Proof: L’Hopital’s theorem (special case )

Statement:

$f(x)$ and $g(x)$ are differentiable on an open interval containing $a$
$f(c)=g(c)=0$
$g'(x)\neq 0$ for $x$ near (but not equal to) $c$

Then

$\lim_{x \to c}\frac{f(x)}{g(x)}=\lim_{x \to c}\frac{f'(x)}{g'(x)}$ provided that the limit on the right side of the equations exists.

Proof:

Assume the above conditions.

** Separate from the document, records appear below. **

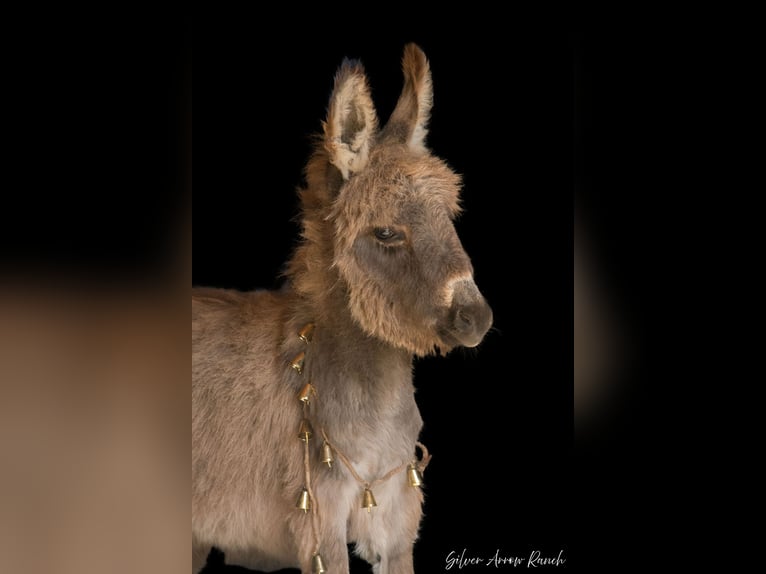 Donkey Mare 1 year 7 hh Gray in Berea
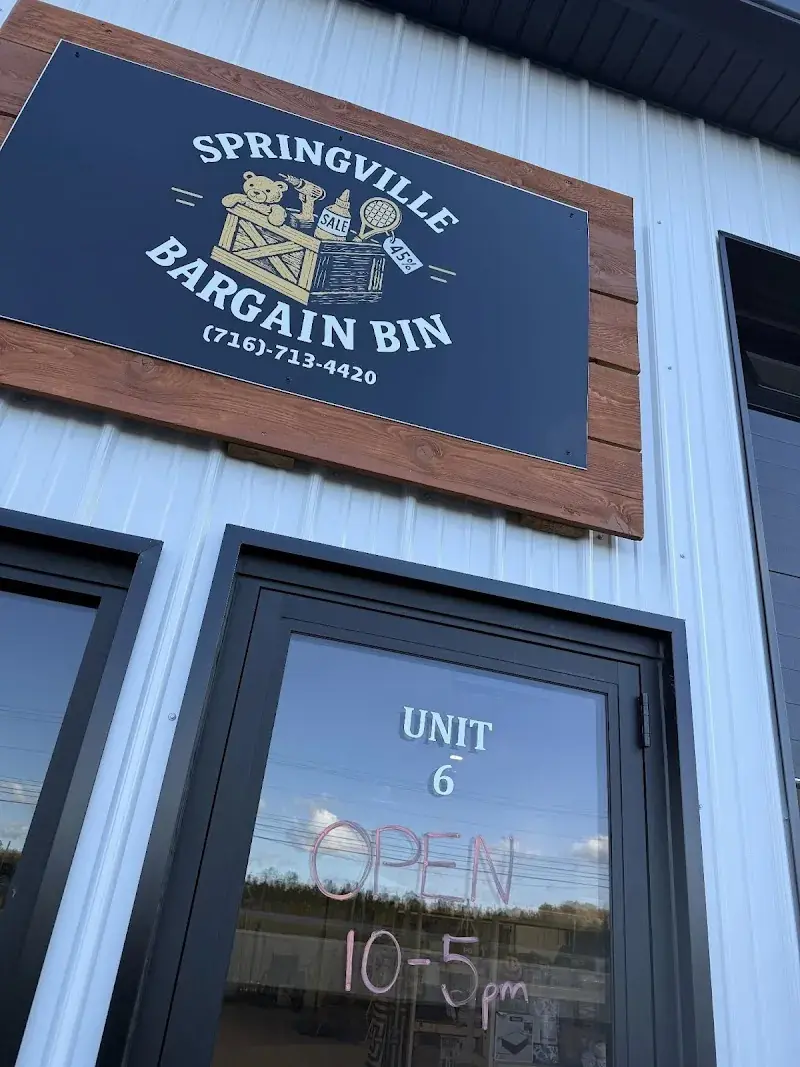 Springville Bargain Bin in Springville, NY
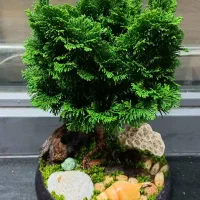 بن سای کاج نانا|گل و گیاه طبیعی|تهران, فدک|دیوار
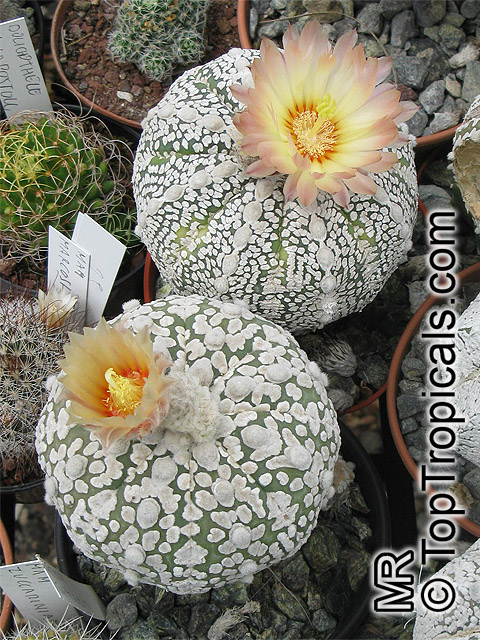 Astrophytum sp. , Star Cactus. Astrophytum asterias Super Kabuto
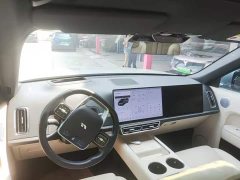 Li Auto L9 Max - фото 3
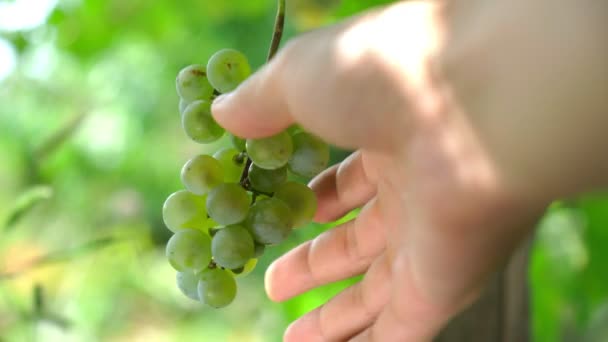 Ripe grapes on vine growing in vineyard at sunset time, selective focus. — 图库视频影像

Then,

$\lim_{x \to c}\frac{f(x)}{g(x)}=\lim_{x \to c}\frac{f(x)-0}{g(x)-0}=\lim_{x \to c}\frac{f(x)-f(c)}{g(x)-g(c)}$

Dividing the right-hand expression by $x-c$ , we get

$\lim_{x \to c}\frac{\frac{f(x)-f(c)}{x-c}}{\frac{g(x)-g(c)}{x-c}}=\frac{\lim_{x \to c}\frac{f(x)-f(c)}{x-c}}{\lim_{x \to c}\frac{g(x)-g(c)}{x-c}}=\frac{f'(c)}{g'(c)}=\lim_{x \to c}\frac{f'(x)}{g'(x)}$

Therefore,

$\lim_{x \to c}\frac{f(x)}{g(x)}=\lim_{x \to c}\frac{f'(x)}{g'(x)}$ , which is what we sought to prove.